Top of Data to process
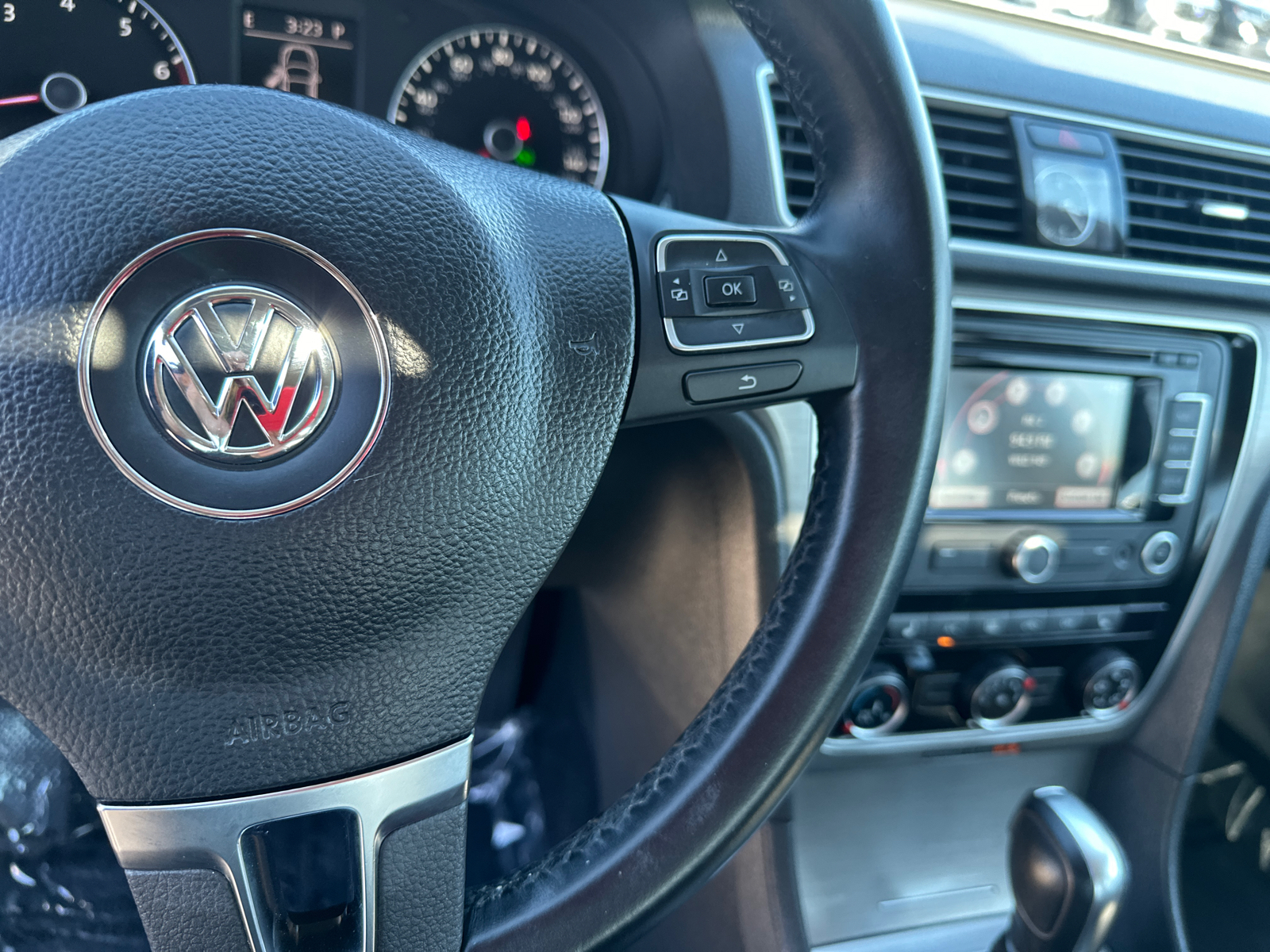 2014 Volkswagen Passat 1.8T SE 14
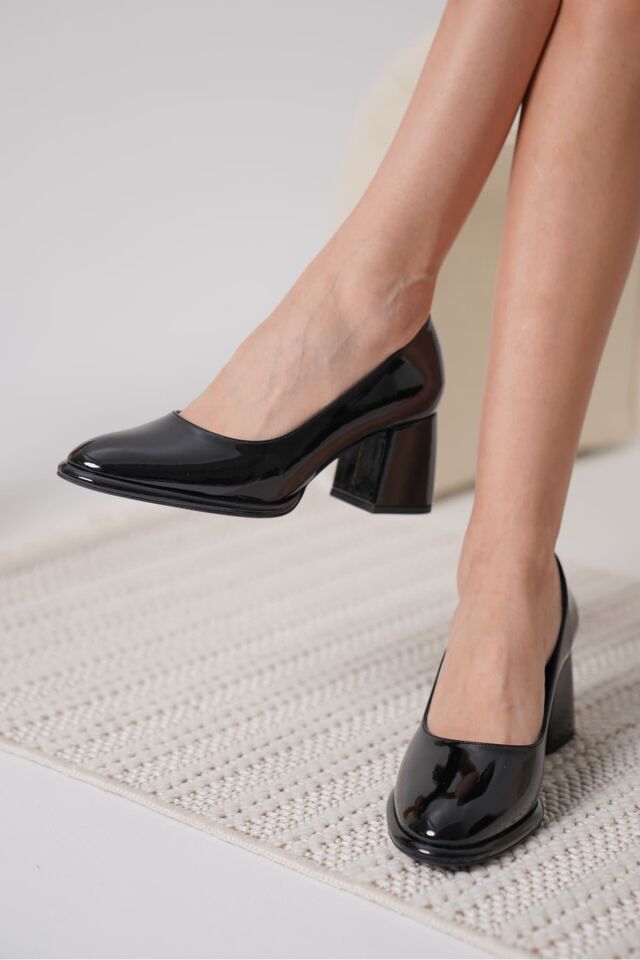 Siyah Rugan Kadın Stiletto TR18MS05A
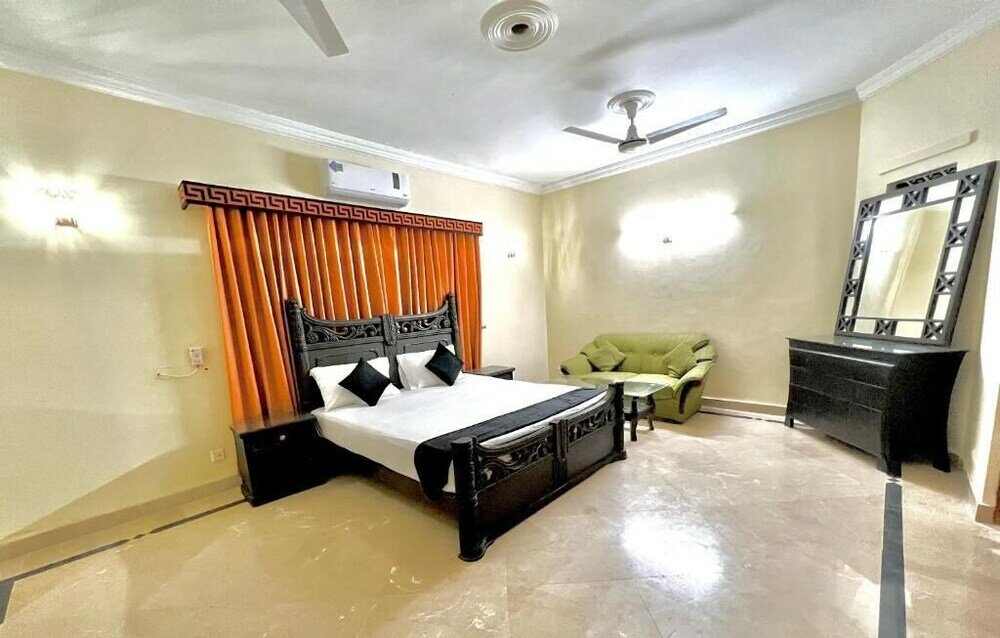 Фото Step Inn Guest House Islamabad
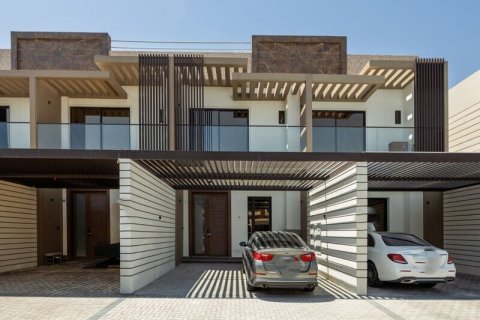 Villa in Al Furjan, Dubai, UAE 3 bedrooms, 167 sq.m. № 711975 - photo 17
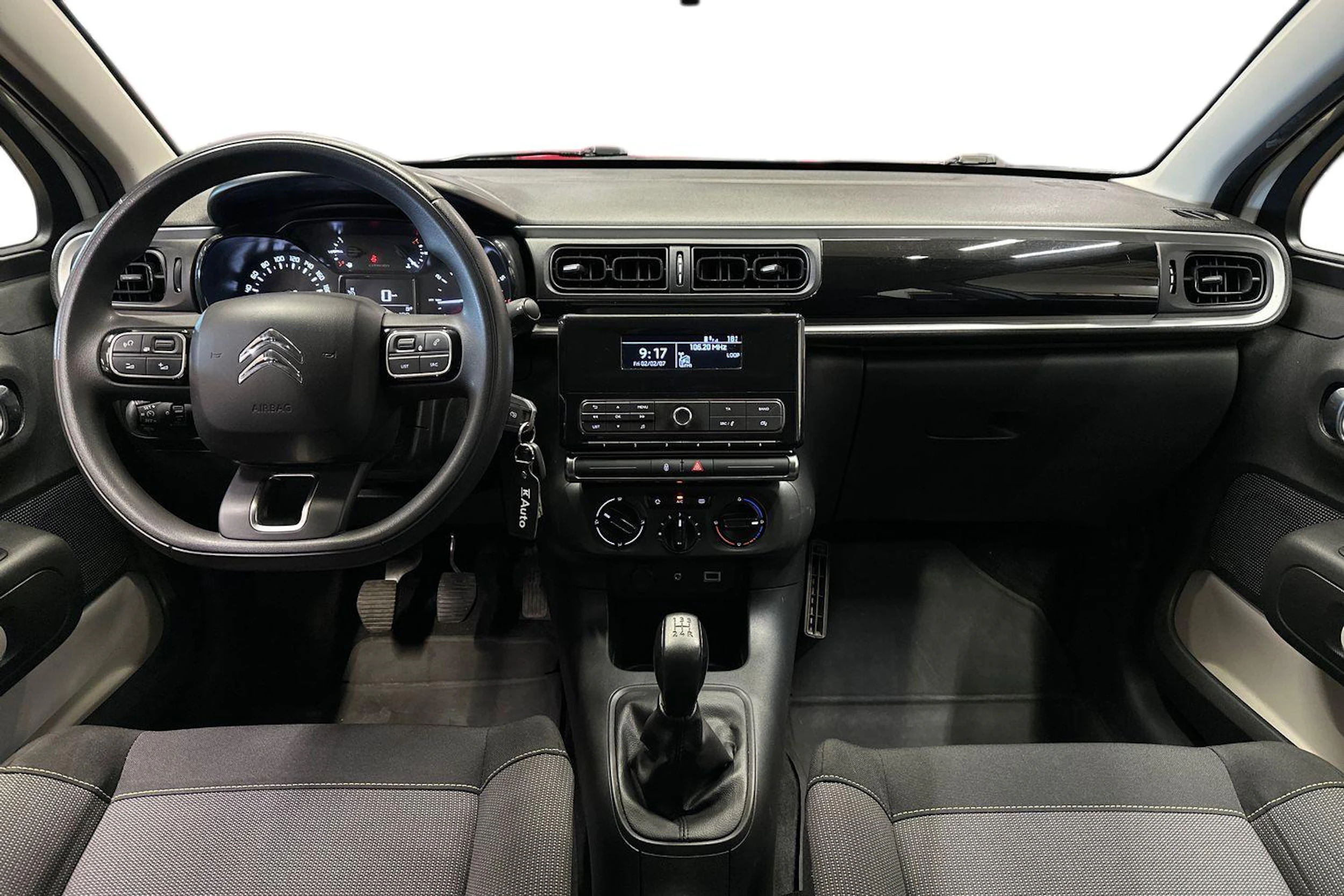 valkoinen Citroën C3 2018 kuva 7.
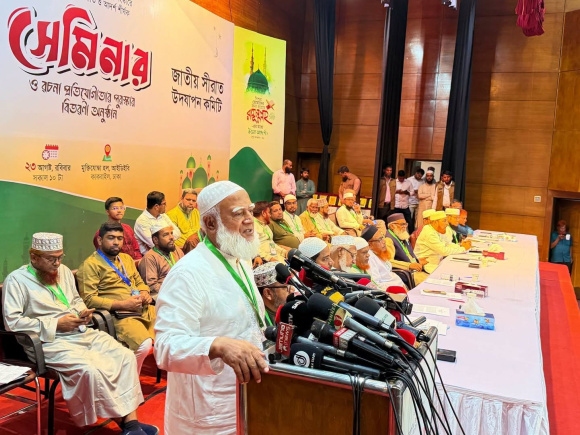  অনুষ্ঠানে বক্তব্য দিচ্ছেন জামায়াতে ইসলামীর আমির শফিকুর রহমান। ছবি: সংগৃহীত 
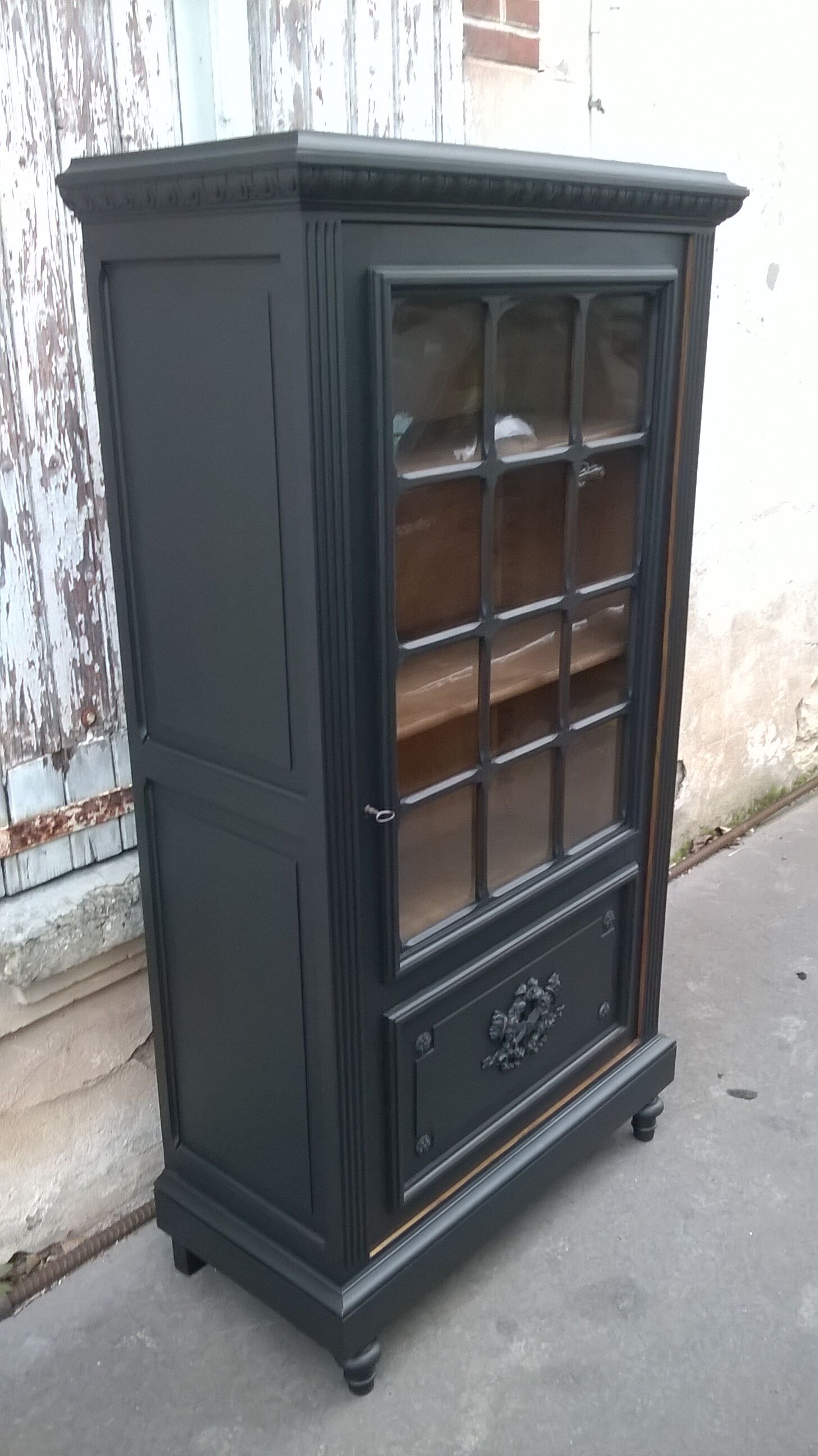 Parisian showcase cabinet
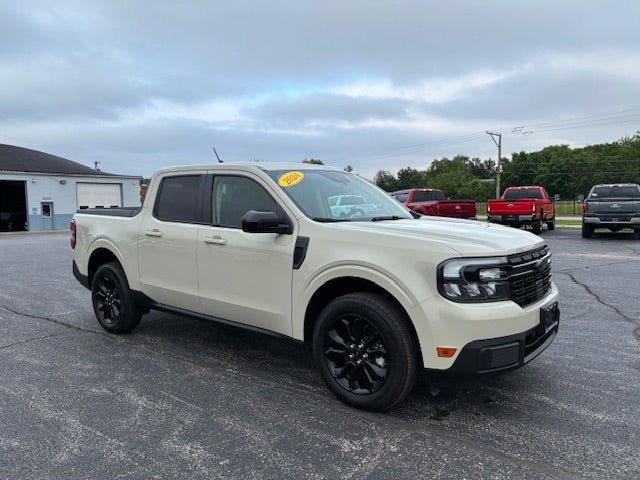 Used 2024 Ford Maverick Lariat w/ Black Appearance Package FWD image 8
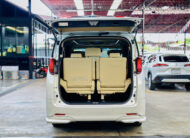 TOYOTA ALPHARD 2.5 HYBRID 2018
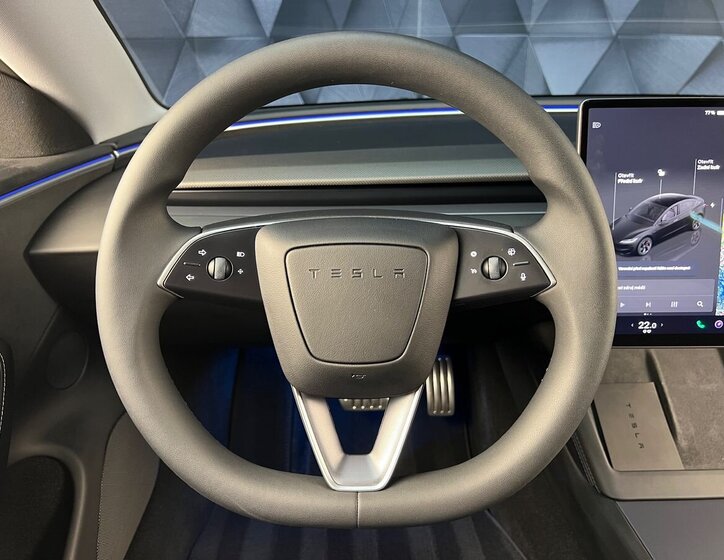Tesla Model 3 Sedan 0,0 341 kw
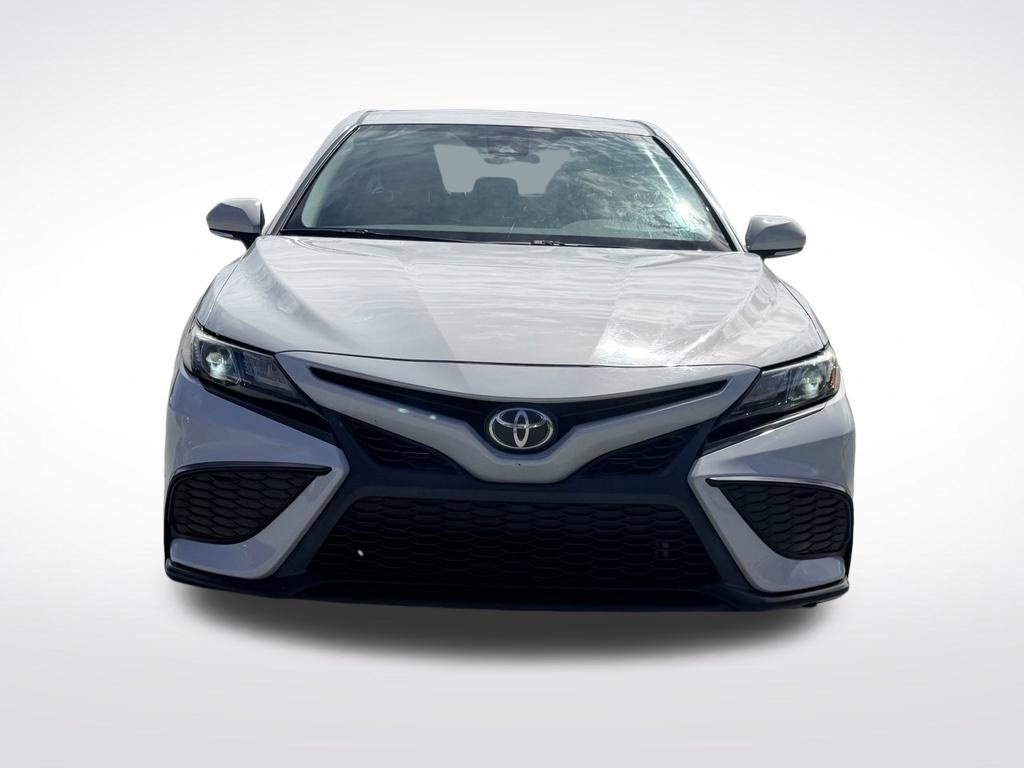 Used 2022 Toyota Camry SE FWD image 9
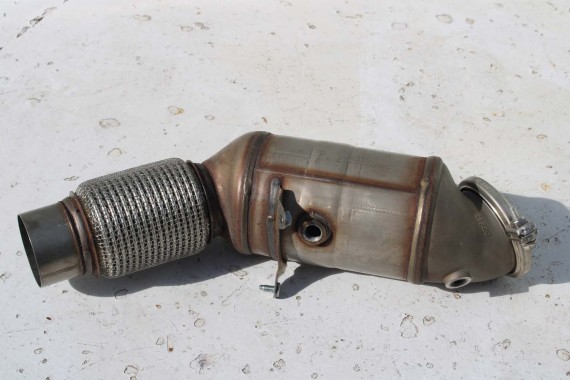 BMW 5 G30 KATALIZATOR 8685970 2.0 b B20B B48 B48B20B benzyna 252 KM 185 KW 8638227 18328685970 8685970 8685970 8685970 8685970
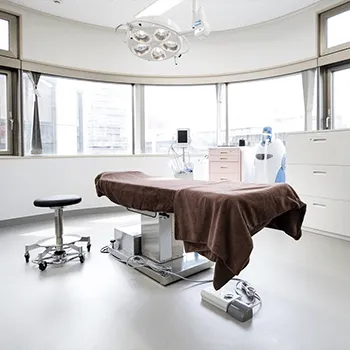CLASSY 仙台美容外科・美容皮膚科のプロファイロを受ける施術室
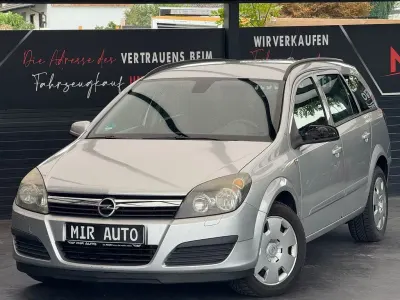 Gebraucht Opel Astra Edition 120 PS (88 kW) 2007 Silber Limousine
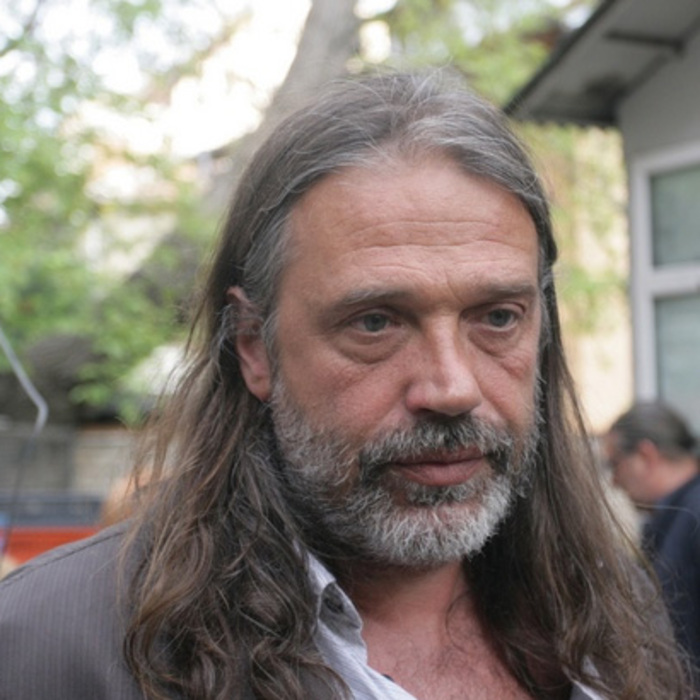 venci_700x700_crop_478b24840a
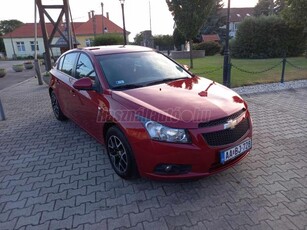 CHEVROLET CRUZE 1.6 LS Plus Gyönyörű Állapot. Friss Műszaki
Bottom of Data to process
From the first line to the last, retype the data exactly, but omit every image.

Task response
 2014 Volkswagen Passat 1.8T SE 14
 Siyah Rugan Kadın Stiletto TR18MS05A
 Фото Step Inn Guest House Islamabad
 Villa in Al Furjan, Dubai, UAE 3 bedrooms, 167 sq.m. № 711975 - photo 17
 valkoinen Citroën C3 2018 kuva 7.
  অনুষ্ঠানে বক্তব্য দিচ্ছেন জামায়াতে ইসলামীর আমির শফিকুর রহমান। ছবি: সংগৃহীত 
 Parisian showcase cabinet
 Used 2024 Ford Maverick Lariat w/ Black Appearance Package FWD image 8
 TOYOTA ALPHARD 2.5 HYBRID 2018
Tesla Model 3 Sedan 0,0 341 kw
 Used 2022 Toyota Camry SE FWD image 9
 BMW 5 G30 KATALIZATOR 8685970 2.0 b B20B B48 B48B20B benzyna 252 KM 185 KW 8638227 18328685970 8685970 8685970 8685970 8685970
CLASSY 仙台美容外科・美容皮膚科のプロファイロを受ける施術室
 Gebraucht Opel Astra Edition 120 PS (88 kW) 2007 Silber Limousine
 venci_700x700_crop_478b24840a
 CHEVROLET CRUZE 1.6 LS Plus Gyönyörű Állapot. Friss Műszaki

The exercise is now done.